After Obama established the program by executive order, this bill codified its provisions into permanent law, to be run by the General Services Administration (GSA).

Who supports it

Who supported it? Seemingly almost everybody, considering the bill passed with 96 percent support in the House.

“Right now, it can still take hours for citizens to get the IRS on the phone to ask the most basic questions. Parents and students still deal with clunky user interfaces when applying for tuition assistance. And the VA still uses a scheduling system that is a quarter-century old. It doesn’t have to be this way,” lead House sponsor Kevin McCarthy said on the House floor while promoting the legislation.

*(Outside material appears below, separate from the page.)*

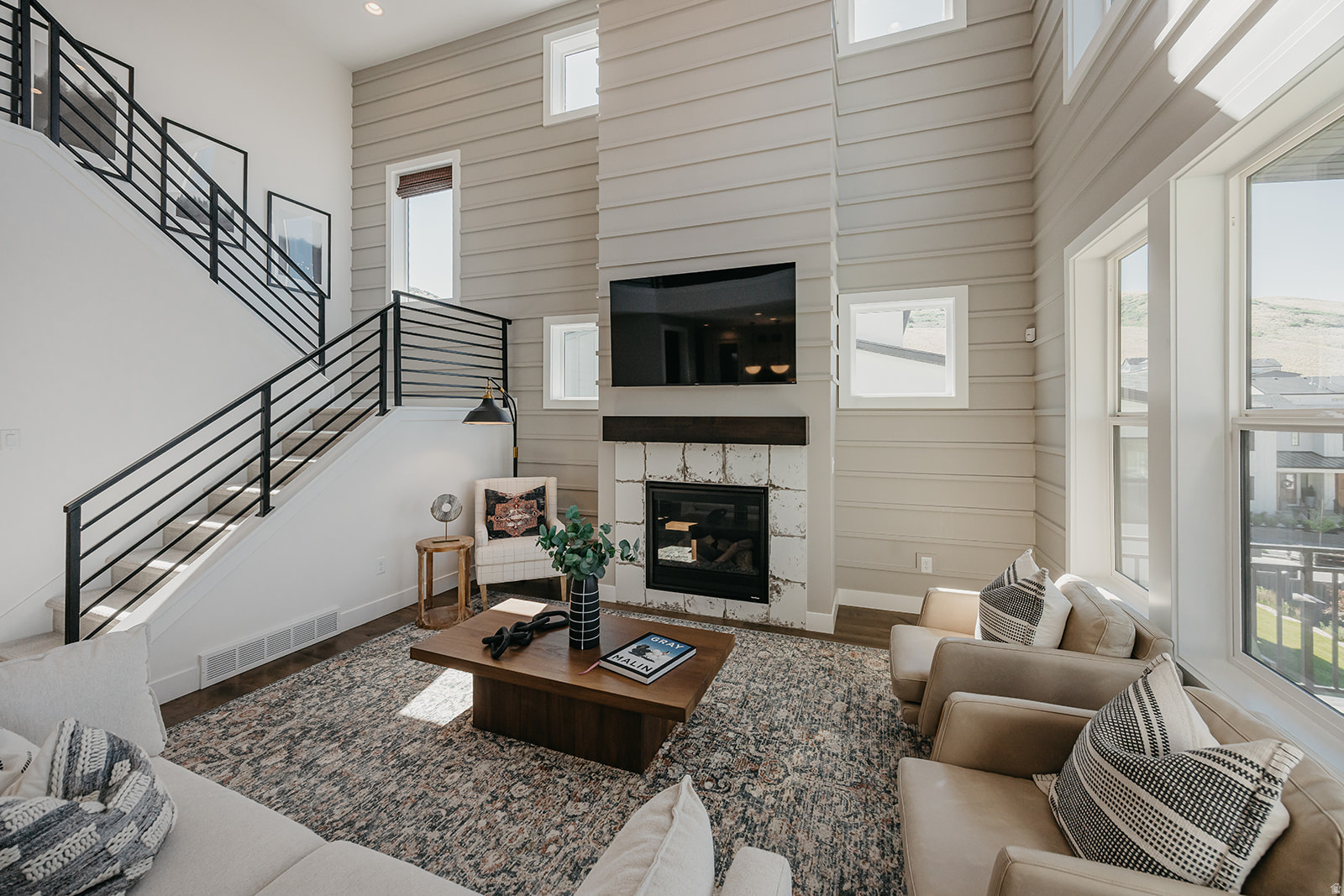 CANYON POINT - Residential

> “I sponsored the TALENT Act to make sure this innovation program [the Presidential Innovation Fellows Program] continues into the future. By drawing on the great talent of the American people, we can make government effective, efficient, and accountable.”

Who opposes it

Very few people opposed the bill, but the 17 Republican holdouts were entirely right-wing Freedom Caucus members. GovTrack Insider could not track down any statements or press releases from a member voting no, possibly indicating a hesitancy to tout their opposition to such a popular bill. But the likely explanation from the Freedom Caucus crowd is opposition to the expansion of a government program at taxpayer expense, popular though it may be. The Congressional Budget Office (CBO) had not produced a cost estimate for the law as of this writing.

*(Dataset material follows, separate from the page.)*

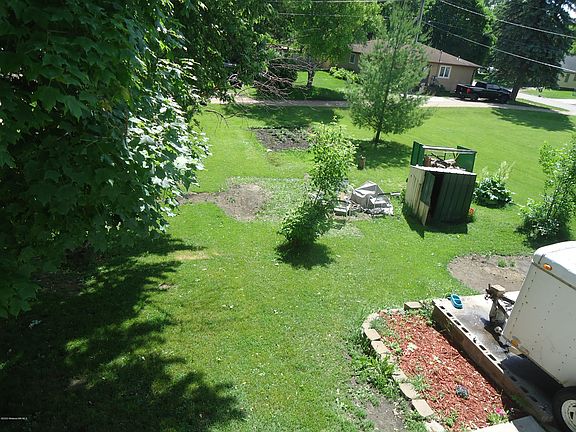 3rd image of 421 1st St SE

Votes and presidential signature

The TALENT Act was introduced by the House Majority Leader, Rep. Kevin McCarthy (R-CA23). It passed the House 386–17 on January 11, with all Democrats in favor and Republicans largely in favor with a few holdouts, 217–7.

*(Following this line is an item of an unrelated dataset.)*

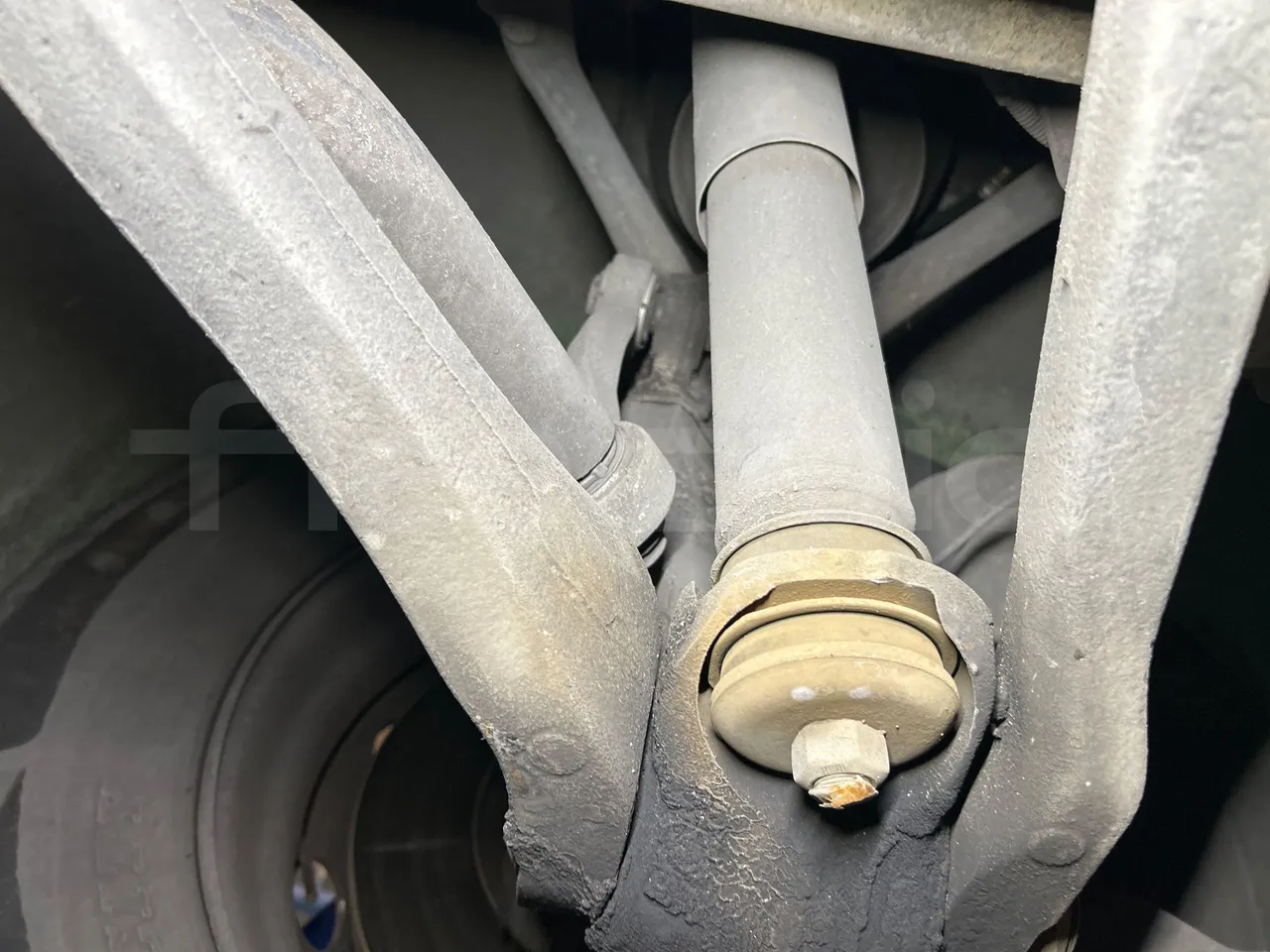 Mercedes-Benz O 530 G- 3P - Euro5 - 260kW - 17.940mt - front shock absorbers left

It then passed the Senate by a unanimous consent voice vote. Obama signed it on his last day in office, mere hours before inauguration.

McCarthy had previously introduced a version of the TALENT Act in July 2016 which passed the House 409–8, an even larger majority than this time around, but never received a vote in the Senate. That’s not to be confused with last Congress’s identically-acronymed To Aid Gifted and High-Ability Learners by Empowering the Nation’s Teachers Act, which didn’t pass and has yet to be reintroduced in this Congress.

Totals

All Votes R D
Yea 96%
 
 
386
217
 
169
 
Nay 4%
 
 
17
17
 
0
 
Not Voting
 
 
31
6
 
25
 

Passed. 2/3 Required. Source: house.gov.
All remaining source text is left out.